3  The Data

This chapter describes the three datasets used in the worked example: Ookla fixed-broadband speed-test tiles, American Community Survey block-group income and household counts, and Arlington County civic-association boundaries. Each is publicly available.

3.1 Ookla Speed-Test Tiles

Ookla publishes quarterly snapshots of aggregated speed-test performance through its open-data program [1], [2]. The fixed-broadband dataset contains one record per zoom-level-16 web-mercator tile, a global grid in which each cell is approximately 610 meters on a side at mid-latitudes. For each tile that received at least one test in a quarter, the dataset reports the median download speed (Mbps), median upload speed (Mbps), and number of tests that contributed to those medians.

For this guide, the relevant quarter is Q1 2021, chosen to align with the ACS 2021 five-year estimates. Download speed and test count are the primary variables of interest. Test count matters because tiles with very few tests carry more uncertainty; the method chapter discusses how this is handled.

Ookla speed-test data reflects the experience of users who actively ran a test at Speedtest.net or through an embedded Speedtest SDK during the quarter. This is not a random sample of all internet users, and coverage varies with population density and smartphone penetration. These limitations are discussed further in the limitations chapter.

Figure 3.1: Ookla fixed-broadband speed-test tiles over Arlington (download Mbps).

3.2 American Community Survey

The American Community Survey is the Census Bureau’s ongoing household survey, published annually as one-year and five-year estimates.
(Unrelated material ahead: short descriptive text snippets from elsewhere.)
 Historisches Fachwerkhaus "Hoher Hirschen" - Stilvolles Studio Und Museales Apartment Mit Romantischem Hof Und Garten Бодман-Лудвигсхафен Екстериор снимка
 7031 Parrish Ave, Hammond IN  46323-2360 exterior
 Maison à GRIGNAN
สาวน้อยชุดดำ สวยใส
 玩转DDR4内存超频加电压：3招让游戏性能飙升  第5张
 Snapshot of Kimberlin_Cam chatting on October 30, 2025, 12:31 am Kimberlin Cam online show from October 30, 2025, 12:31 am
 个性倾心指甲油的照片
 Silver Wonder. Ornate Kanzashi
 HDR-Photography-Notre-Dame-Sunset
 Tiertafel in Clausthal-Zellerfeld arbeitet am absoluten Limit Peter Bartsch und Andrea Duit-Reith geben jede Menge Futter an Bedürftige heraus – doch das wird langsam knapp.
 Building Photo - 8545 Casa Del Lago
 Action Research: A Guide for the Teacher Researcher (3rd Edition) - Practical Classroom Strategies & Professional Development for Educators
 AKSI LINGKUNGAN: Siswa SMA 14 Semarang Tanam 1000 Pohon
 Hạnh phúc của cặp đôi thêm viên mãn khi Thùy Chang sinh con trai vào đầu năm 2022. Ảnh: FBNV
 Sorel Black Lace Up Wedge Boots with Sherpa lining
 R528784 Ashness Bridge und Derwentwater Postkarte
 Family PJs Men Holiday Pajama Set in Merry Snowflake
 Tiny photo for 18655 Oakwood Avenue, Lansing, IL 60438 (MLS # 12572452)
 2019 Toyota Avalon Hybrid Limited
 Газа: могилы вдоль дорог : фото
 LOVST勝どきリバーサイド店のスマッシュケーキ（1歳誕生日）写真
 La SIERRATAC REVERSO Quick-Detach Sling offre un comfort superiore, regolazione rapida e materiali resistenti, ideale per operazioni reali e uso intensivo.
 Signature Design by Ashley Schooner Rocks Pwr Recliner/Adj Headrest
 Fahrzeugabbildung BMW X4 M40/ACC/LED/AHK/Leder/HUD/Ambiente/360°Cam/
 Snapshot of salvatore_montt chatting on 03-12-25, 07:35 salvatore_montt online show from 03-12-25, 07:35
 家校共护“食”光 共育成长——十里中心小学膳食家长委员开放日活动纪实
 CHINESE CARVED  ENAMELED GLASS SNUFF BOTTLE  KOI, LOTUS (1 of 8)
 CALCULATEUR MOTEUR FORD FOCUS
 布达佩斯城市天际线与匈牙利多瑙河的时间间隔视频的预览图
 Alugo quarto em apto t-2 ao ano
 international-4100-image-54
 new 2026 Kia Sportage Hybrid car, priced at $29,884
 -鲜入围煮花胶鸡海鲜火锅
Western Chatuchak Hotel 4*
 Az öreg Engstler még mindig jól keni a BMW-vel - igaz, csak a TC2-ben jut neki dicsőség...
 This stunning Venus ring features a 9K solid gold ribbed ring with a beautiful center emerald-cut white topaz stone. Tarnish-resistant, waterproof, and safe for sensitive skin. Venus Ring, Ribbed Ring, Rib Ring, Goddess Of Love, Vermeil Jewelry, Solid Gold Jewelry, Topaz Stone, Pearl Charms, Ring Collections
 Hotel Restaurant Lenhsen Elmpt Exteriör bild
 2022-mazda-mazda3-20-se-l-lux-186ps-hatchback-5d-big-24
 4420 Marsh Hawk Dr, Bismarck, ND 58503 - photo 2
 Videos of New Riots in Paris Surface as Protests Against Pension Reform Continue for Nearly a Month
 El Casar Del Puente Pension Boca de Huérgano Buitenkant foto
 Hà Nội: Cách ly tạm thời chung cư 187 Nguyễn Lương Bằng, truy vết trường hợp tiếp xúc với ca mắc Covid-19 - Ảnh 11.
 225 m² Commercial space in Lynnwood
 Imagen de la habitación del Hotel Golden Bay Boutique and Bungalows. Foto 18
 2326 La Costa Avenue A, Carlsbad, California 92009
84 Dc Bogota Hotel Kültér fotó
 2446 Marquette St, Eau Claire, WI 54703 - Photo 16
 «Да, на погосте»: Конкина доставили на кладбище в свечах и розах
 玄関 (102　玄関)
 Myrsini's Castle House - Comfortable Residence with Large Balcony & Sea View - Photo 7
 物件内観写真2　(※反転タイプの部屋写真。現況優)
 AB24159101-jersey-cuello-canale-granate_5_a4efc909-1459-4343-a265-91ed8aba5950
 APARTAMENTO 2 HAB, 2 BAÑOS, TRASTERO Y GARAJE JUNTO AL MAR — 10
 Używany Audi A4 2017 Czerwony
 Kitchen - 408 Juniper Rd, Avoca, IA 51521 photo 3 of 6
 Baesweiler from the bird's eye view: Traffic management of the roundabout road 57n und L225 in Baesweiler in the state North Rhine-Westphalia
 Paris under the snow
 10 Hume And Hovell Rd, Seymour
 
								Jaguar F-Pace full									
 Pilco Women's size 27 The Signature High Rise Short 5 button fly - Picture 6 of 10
The five-year estimates average data collected over a rolling 60-month window and are the appropriate choice for small geographies where single-year samples are too thin to support reliable estimates [3], [4].

This guide uses two block-group-level variables from the ACS 2021 five-year release:

  • Table B19025: Aggregate household income. This is the sum of all household incomes within the block group, expressed in dollars. Unlike the median, aggregate income is an additive quantity: totals from sub-areas can be summed to produce a total for any containing area.
  • Table B11001: Household count. The number of occupied housing units in the block group.

We use these two counts together rather than median income because mean income for any custom geography can be derived directly from them: divide aggregate income by household count. This arithmetic is only valid for additive counts, not medians. Using aggregate income and household counts preserves the ability to produce correct estimates at any aggregated geographic unit.

3.3 Arlington Civic Associations

Arlington County, Virginia is divided into 62 civic associations: community-defined neighborhoods that are the county’s primary formal mechanism for organized resident input [5], [6]. Each association elects officers and engages with county government on land use, transportation, infrastructure, and community services. Membership in the Arlington County Civic Federation, which coordinates the associations, is the standard means by which neighborhoods participate in county decision-making.

The civic-association boundaries used here come from Arlington County’s GIS open data portal [7]. The 62 associations cover the entire county and tile it without overlap, making them a complete and non-overlapping partition of Arlington’s approximately 109,528 households. This makes them an ideal policy geography: they are locally meaningful, formally recognized, and together exhaustive.

Figure 3.2: Arlington’s 62 civic associations, the policy-relevant target geography.

Because civic associations are not part of the Census geographic hierarchy, no federal statistical agency publishes estimates at this level. Producing those estimates is precisely what the remainder of this guide demonstrates.